Instructions to follow ::
Find the word "Benz" below. Copy each line that has it.

---------- Data listing ----------

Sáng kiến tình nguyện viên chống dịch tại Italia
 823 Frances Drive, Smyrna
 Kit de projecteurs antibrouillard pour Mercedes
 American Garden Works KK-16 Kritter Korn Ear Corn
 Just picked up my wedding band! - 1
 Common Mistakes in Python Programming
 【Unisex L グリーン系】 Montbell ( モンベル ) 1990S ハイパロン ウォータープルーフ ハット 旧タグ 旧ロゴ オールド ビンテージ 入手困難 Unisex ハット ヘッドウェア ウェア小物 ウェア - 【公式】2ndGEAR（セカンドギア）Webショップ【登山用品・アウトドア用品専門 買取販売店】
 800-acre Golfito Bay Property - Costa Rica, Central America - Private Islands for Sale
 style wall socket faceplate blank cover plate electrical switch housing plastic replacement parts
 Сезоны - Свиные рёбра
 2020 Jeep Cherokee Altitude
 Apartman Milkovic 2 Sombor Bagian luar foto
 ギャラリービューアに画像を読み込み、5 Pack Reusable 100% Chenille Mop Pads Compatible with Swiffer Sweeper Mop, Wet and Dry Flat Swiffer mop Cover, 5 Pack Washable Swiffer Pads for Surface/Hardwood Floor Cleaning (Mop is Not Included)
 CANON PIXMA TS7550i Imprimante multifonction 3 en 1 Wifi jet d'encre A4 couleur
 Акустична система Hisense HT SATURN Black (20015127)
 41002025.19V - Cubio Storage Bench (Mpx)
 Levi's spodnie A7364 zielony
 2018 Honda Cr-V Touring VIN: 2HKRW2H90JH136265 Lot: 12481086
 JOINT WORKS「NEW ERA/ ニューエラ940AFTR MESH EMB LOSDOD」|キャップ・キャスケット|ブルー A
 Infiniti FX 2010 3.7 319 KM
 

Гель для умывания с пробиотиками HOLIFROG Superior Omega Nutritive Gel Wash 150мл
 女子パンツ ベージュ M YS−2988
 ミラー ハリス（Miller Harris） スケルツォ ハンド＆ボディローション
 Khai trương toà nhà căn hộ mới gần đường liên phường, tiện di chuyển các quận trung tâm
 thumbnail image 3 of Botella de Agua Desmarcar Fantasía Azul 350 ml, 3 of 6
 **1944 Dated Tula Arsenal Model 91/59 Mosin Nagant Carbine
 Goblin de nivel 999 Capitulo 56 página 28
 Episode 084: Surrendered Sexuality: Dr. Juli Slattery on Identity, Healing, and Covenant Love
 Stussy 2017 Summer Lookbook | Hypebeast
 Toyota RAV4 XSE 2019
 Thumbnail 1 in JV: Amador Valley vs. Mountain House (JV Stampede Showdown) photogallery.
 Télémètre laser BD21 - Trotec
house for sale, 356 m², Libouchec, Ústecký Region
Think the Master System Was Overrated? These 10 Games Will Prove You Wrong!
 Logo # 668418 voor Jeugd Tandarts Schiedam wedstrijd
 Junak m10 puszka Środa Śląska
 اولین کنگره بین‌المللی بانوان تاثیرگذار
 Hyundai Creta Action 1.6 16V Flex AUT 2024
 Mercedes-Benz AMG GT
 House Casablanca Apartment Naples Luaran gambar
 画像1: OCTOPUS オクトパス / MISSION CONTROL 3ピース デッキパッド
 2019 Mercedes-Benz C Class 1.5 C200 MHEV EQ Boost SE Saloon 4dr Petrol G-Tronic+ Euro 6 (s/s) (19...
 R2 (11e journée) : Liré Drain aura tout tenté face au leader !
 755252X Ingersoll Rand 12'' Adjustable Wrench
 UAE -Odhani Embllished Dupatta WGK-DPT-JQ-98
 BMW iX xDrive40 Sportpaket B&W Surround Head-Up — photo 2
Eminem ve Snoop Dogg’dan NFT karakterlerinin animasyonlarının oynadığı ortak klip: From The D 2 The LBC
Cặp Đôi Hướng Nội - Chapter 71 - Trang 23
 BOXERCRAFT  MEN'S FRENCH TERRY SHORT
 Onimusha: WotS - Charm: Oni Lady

----------

Answer to this exercise ::
 Mercedes-Benz AMG GT
 2019 Mercedes-Benz C Class 1.5 C200 MHEV EQ Boost SE Saloon 4dr Petrol G-Tronic+ Euro 6 (s/s) (19...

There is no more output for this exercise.